Benjamin Wolf - Director of Photography
Ben Wolf’s first film, the short Gold Mountain, won a student Academy Award. His most recent features include: James Ryan's The Young Girl and the Monsoon, now on Showtime, starring Terry Kinney and Diane Venora; David Sporn's The Road from Erebus, currently playing on HBO; and Art Jones' Going Nomad, starring Damian Young and Victor Argo. That last collaboration led to 2003's Lustre, the feature by Art Jones starring Victor Argo. Ben photographed Deborah Kampmeier's Virgin, featuring Robin Wright Penn, Elizabeth Moss, and Daphne Rubin-Vega, which was nominated for two 2004 Independent Spirit Awards. Ben takes his trade to the far reaches for documentaries - from Oaxaca, Mexico to Lijiang, China. Ben's photography helped bring Bernard Malamud's short story, The First Seven Years, to life on PBS. It guided Howard Libov's Little Man and Under the Radar to festival acclaim, and lifted Shoja Azari's K, which screened at the Venice Film Festival in 2002.
Emily Gumpel - Editor
Emily Gumpel graduated from SUNY Purchase in 1993 with a degree in Fine Arts and a minor in Film Theory. She began working in the film industry as an assistant editor on films such as New Jersey Drive, Surviving Picasso and American Psycho. She has edited more than 20 feature films, shorts and television shows including the feature Miss Monday, which won an award at the 1998 Sundance Film Festival, Black Picket Fence, a feature documentary, which won several awards at both the 2001 Brooklyn Film Festival and the Urban World Festival, and 60 Odd Hours in Italy which was directed and produced Russell Crowe and premiered at the 2001 Sundance Film Festival.
Mike Mills - Composer
Mike Mills is a founding member of the Grammy-winning band R.E.M., formed at the University of Georgia in Athens, Georgia, in January 1980. Discovering they had similar tastes, vocalist Michael Stipe and guitarist Peter Buck began working together, eventually meeting bassist Mike Mills and drummer Bill Berry. In April 1980, the band formed under the name Twisted Kites, playing psychedelic bubblegum, and punk covers in a converted Episcopalian church. By the summer, the band had settled on the name R.E.M. after flipping randomly through the dictionary.

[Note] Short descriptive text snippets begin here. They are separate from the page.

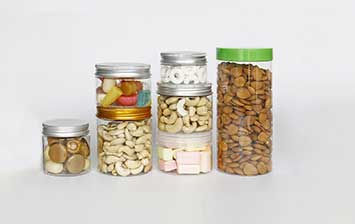 Round clear plastic storage jars with screw lids for kitchen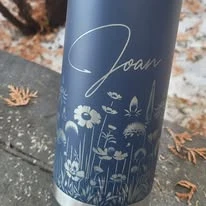 Dark Yeti mug with a name and floral engraving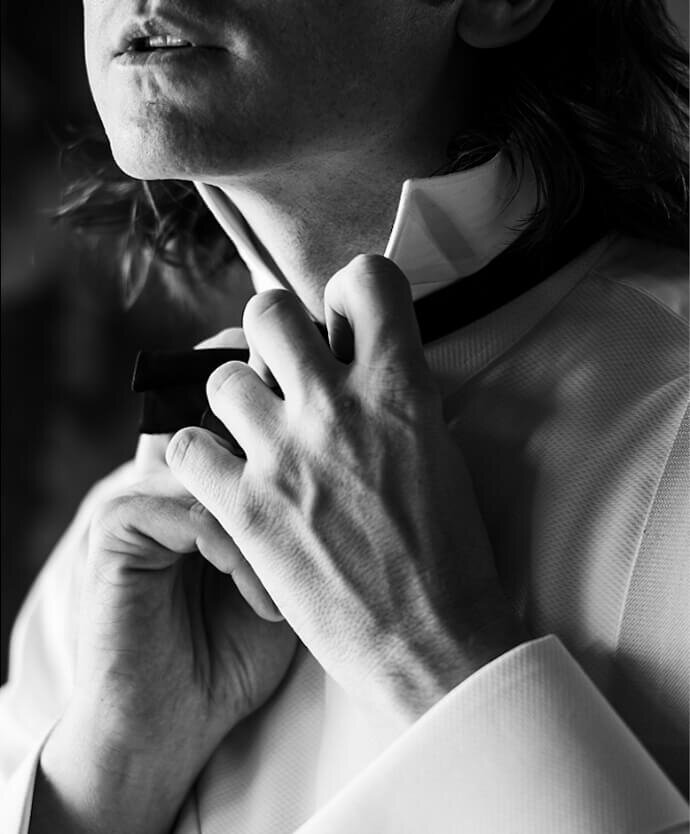 Groom adjusting his bow tie in a black-and-white portrait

Though Mike is known primarily as a bassist and piano player, his musical repertoire includes many other keyboard, string, wind and percussion instruments. He is responsible for the songwriting behind some of R.E.M.'s most respected songs, including "Find the River", "At My Most Beautiful", "Why Not Smile", "Let Me In", and "What's The Frequency, Kenneth?".